Extracted records
········

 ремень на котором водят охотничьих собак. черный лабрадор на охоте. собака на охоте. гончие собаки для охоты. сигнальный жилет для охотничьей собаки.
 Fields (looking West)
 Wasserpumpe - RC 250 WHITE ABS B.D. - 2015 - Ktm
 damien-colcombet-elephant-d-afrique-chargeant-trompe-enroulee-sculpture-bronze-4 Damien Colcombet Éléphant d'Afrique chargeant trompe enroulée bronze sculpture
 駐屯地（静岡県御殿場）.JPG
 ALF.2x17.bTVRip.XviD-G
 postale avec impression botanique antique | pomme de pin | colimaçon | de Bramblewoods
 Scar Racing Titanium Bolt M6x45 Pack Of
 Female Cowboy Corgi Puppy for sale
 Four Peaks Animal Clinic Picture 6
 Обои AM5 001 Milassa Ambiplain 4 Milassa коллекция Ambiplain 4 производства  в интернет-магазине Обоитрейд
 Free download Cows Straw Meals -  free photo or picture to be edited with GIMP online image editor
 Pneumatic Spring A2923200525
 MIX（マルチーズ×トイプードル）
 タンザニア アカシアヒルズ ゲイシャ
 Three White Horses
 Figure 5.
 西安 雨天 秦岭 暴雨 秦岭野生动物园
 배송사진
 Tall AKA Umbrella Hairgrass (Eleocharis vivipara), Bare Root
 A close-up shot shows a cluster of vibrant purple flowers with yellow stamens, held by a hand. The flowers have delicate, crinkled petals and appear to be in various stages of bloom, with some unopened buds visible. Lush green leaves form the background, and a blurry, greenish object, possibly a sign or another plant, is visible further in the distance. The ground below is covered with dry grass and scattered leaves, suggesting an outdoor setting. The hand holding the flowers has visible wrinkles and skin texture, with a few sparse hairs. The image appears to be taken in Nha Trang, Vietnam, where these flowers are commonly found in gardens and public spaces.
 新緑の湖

········

## Exercise brief
Run a filter over the data above and keep each line that contains the word "with".

## Solution to the exercise
 Free download Cows Straw Meals -  free photo or picture to be edited with GIMP online image editor
 A close-up shot shows a cluster of vibrant purple flowers with yellow stamens, held by a hand. The flowers have delicate, crinkled petals and appear to be in various stages of bloom, with some unopened buds visible. Lush green leaves form the background, and a blurry, greenish object, possibly a sign or another plant, is visible further in the distance. The ground below is covered with dry grass and scattered leaves, suggesting an outdoor setting. The hand holding the flowers has visible wrinkles and skin texture, with a few sparse hairs. The image appears to be taken in Nha Trang, Vietnam, where these flowers are commonly found in gardens and public spaces.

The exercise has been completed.